» DATA SUPPLIED
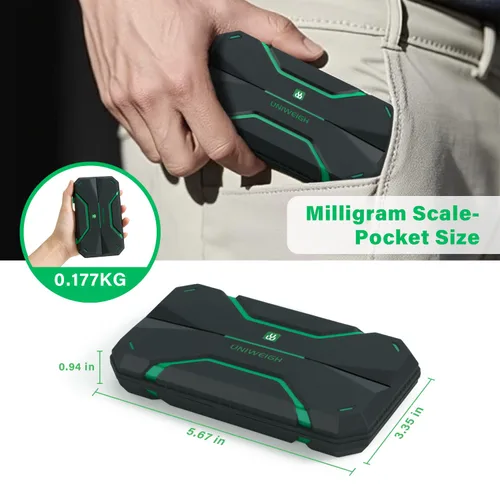 Miniatura 8 de UNIWEIGH Báscula de miligramos de precisión de 0.00 oz/1.76 oz, báscula digital de joyería para polvo, monedas, oro, gema, recarga, escala de micro
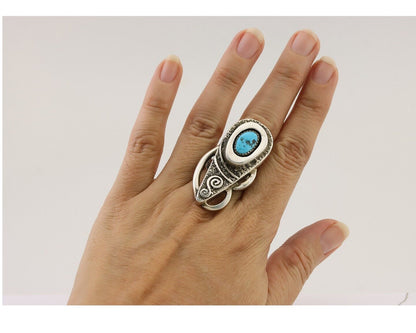 Navajo Ring 925 Silver Natural Blue Turquoise Artist Signed IHMJ C.80's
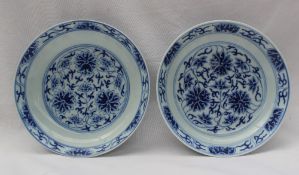 A pair of Chinese porcelain shallow dishes painted with flowers and leaves in blues,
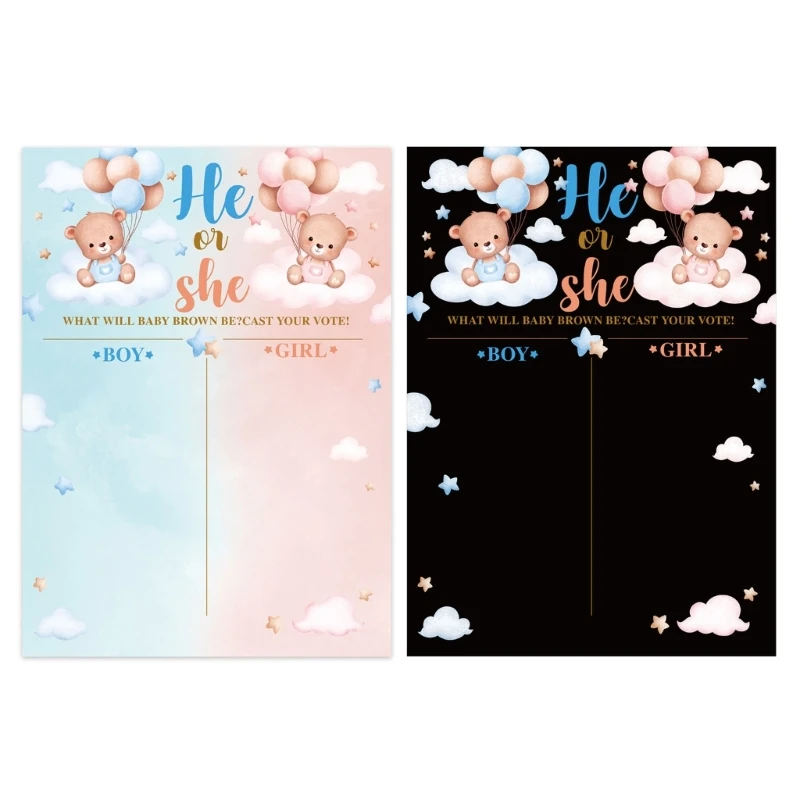 A0Kc Gender Reveal Decorazioni Per Feste Baby Gender Reveal Game Voting Poster Con Adesivi Per Orsi Ragazzo O Ragazza Per Amico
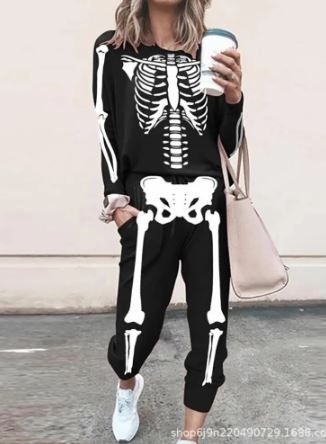 Photo 1 of [Size L] Women's Hooded 1pc Skeleton Printed Onesie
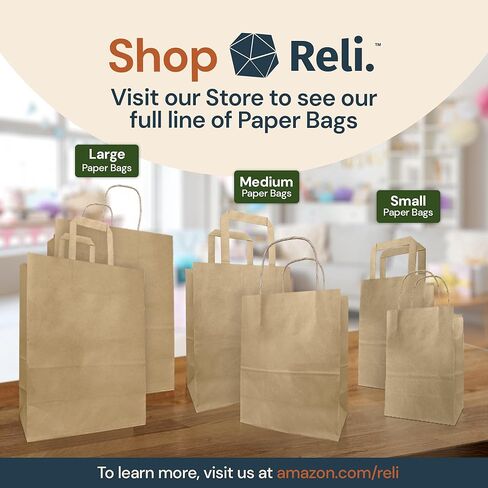 Reli. 10x5x13 in. Brown Paper Bags with Handles | 110 Pack | Kraft Paper Shopping Bags with Flat Handles Bulk | Ideal for Gifts, Retail, Shopping, Merchandise, Take Out/To Go, Party, Crafts in Kuwait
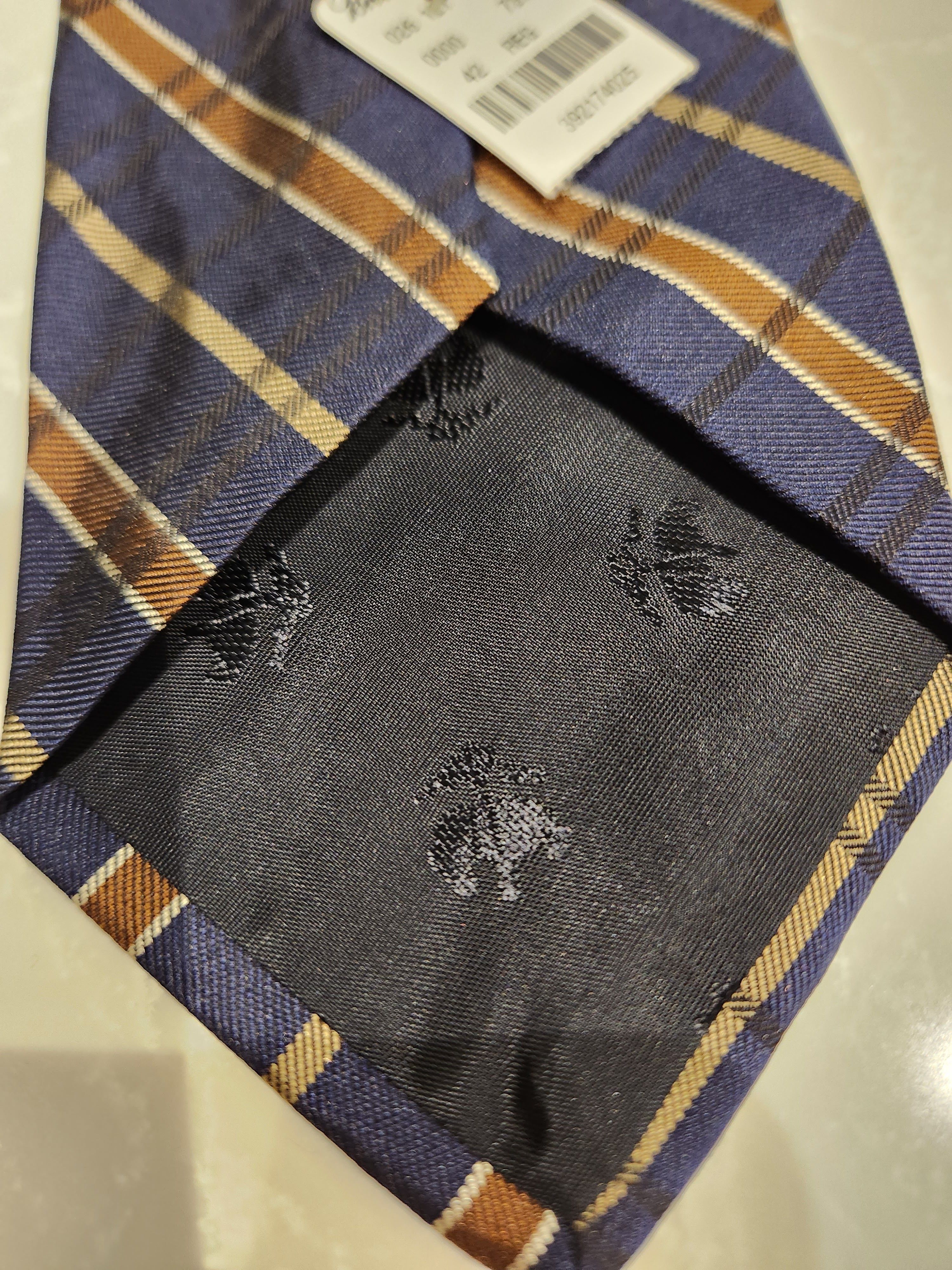 Brooks Brothers Makers and Merchants Gold Burnt Orange Navy Tie Size ONE SIZE - 5 Thumbnail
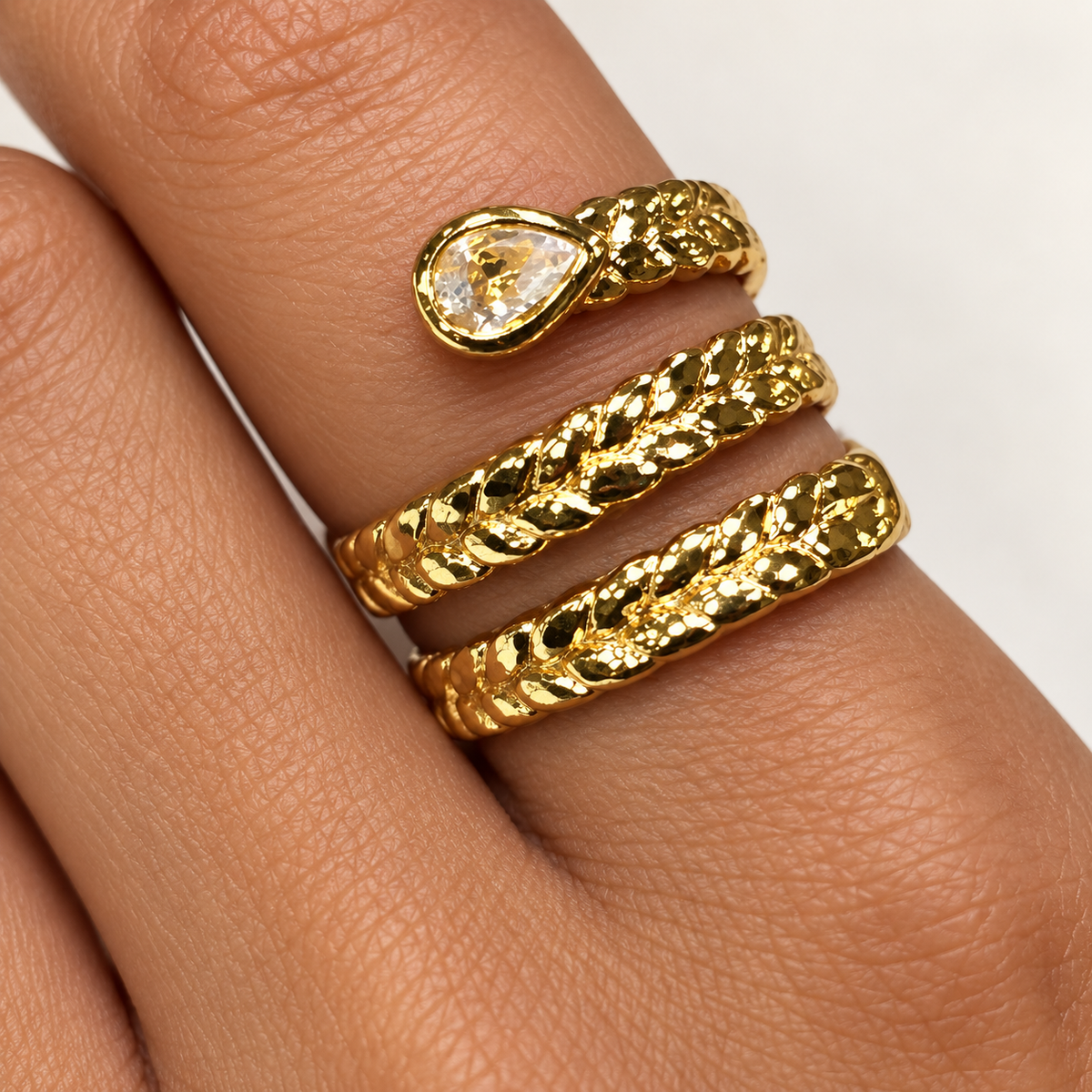 Gold-Tone Snake Wrap Ring with Pear-Shaped Stone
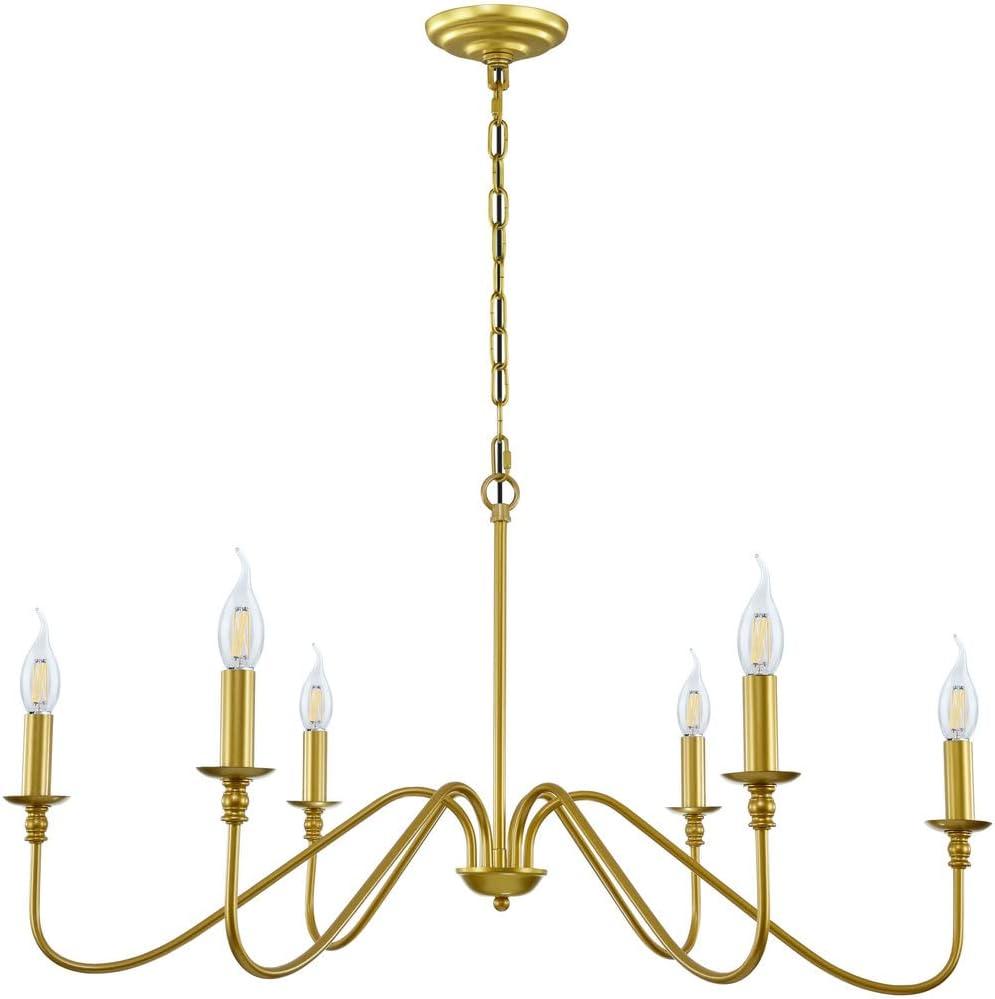 Gold 6-Light Candle Style Iron Chandelier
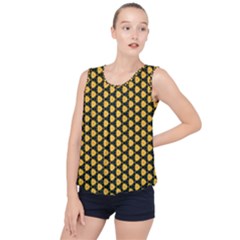 Pattern Halloween Pumpkin Color Yellow Bubble Hem Chiffon Tank Top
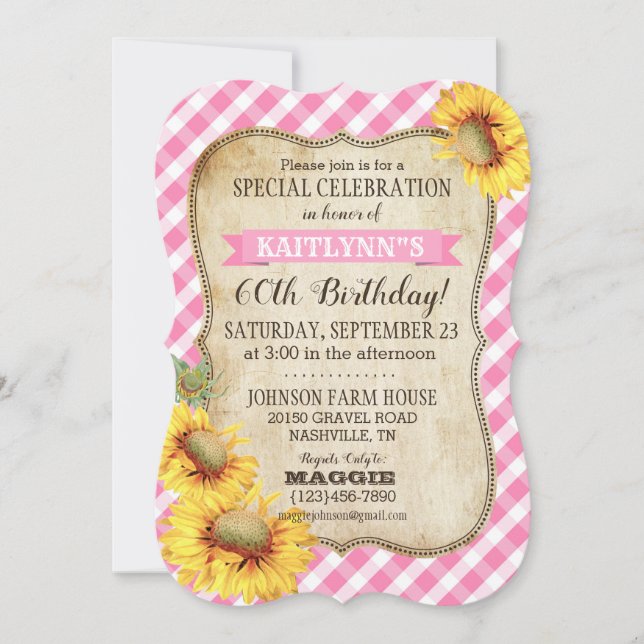 Country Picnic with Sunflowers Birthday Invite (Front)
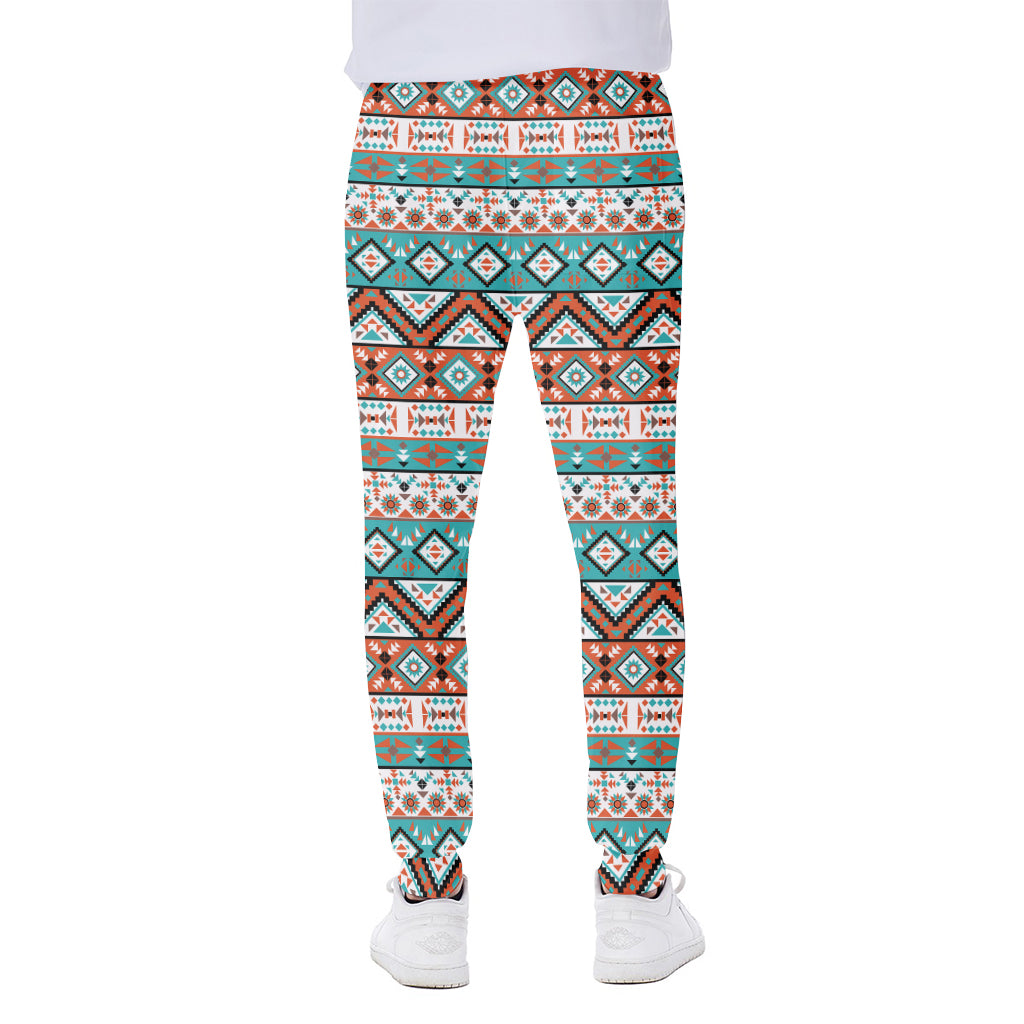 Navajo Geometric Pattern Print Scuba Joggers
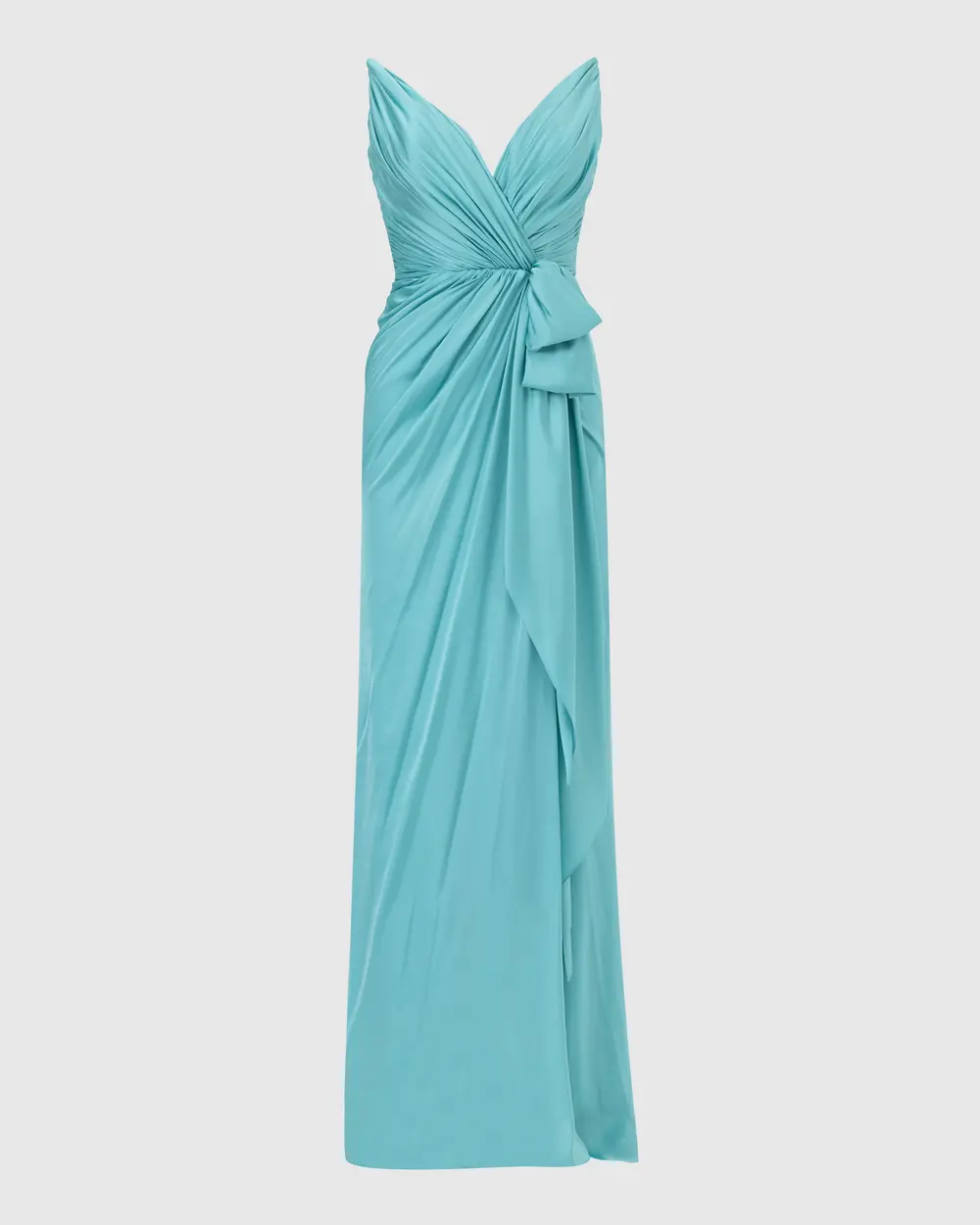 Swallow Neck Draped Evening Dress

» EXERCISE DETAILS
Please copy, exactly and only, the lines of the listing that run from the one holding "Country Picnic with" through its last line, and exclude pictures.

» RESULT OF THE TASK
 Country Picnic with Sunflowers Birthday Invite (Front)
 Navajo Geometric Pattern Print Scuba Joggers
 Swallow Neck Draped Evening Dress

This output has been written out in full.